* _Material for this task_
↓
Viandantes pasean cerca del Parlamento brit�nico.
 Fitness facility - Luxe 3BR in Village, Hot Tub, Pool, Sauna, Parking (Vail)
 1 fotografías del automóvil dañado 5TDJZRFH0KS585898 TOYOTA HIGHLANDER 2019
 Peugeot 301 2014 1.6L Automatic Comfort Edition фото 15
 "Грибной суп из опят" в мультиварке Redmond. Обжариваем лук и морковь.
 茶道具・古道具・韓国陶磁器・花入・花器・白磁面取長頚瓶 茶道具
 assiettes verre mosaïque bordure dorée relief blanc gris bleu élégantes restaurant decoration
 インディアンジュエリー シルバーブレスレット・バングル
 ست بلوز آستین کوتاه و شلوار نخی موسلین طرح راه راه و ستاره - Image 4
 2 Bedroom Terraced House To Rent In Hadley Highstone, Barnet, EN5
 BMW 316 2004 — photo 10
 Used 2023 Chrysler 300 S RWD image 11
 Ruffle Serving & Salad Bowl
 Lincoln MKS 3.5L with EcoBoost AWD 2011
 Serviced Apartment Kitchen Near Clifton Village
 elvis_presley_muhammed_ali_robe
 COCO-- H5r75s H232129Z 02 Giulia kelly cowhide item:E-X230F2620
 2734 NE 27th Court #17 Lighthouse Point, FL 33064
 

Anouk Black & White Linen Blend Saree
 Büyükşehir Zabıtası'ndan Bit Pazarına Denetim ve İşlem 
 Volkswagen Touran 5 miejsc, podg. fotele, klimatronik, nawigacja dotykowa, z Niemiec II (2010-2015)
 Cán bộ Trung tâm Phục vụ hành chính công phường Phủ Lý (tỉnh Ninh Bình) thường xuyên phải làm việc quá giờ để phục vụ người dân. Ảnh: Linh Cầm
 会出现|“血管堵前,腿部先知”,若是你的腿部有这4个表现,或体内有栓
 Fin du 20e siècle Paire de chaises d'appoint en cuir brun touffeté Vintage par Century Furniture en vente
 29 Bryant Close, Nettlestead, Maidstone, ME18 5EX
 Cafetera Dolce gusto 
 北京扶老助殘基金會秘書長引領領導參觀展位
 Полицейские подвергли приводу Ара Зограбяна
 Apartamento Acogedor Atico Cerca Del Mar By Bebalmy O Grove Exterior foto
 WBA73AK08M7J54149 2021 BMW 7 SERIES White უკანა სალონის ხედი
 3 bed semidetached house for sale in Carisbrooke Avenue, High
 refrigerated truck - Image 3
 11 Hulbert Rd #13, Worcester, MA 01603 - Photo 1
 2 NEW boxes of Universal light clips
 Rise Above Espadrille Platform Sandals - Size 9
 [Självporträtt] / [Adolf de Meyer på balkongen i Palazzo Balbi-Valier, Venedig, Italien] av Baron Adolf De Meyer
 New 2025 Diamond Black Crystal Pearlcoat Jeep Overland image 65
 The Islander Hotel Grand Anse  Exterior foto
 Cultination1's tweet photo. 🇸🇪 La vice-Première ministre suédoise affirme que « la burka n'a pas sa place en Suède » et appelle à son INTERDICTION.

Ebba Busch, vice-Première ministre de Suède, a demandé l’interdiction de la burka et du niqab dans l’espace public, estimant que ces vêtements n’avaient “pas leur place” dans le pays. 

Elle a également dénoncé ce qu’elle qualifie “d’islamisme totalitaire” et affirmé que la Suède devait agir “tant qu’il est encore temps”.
↑
Print, exactly as written, the first line of the records above and each line after it until the line with "Peugeot 301 2014", which is printed too.

Viandantes pasean cerca del Parlamento brit�nico.
 Fitness facility - Luxe 3BR in Village, Hot Tub, Pool, Sauna, Parking (Vail)
 1 fotografías del automóvil dañado 5TDJZRFH0KS585898 TOYOTA HIGHLANDER 2019
 Peugeot 301 2014 1.6L Automatic Comfort Edition фото 15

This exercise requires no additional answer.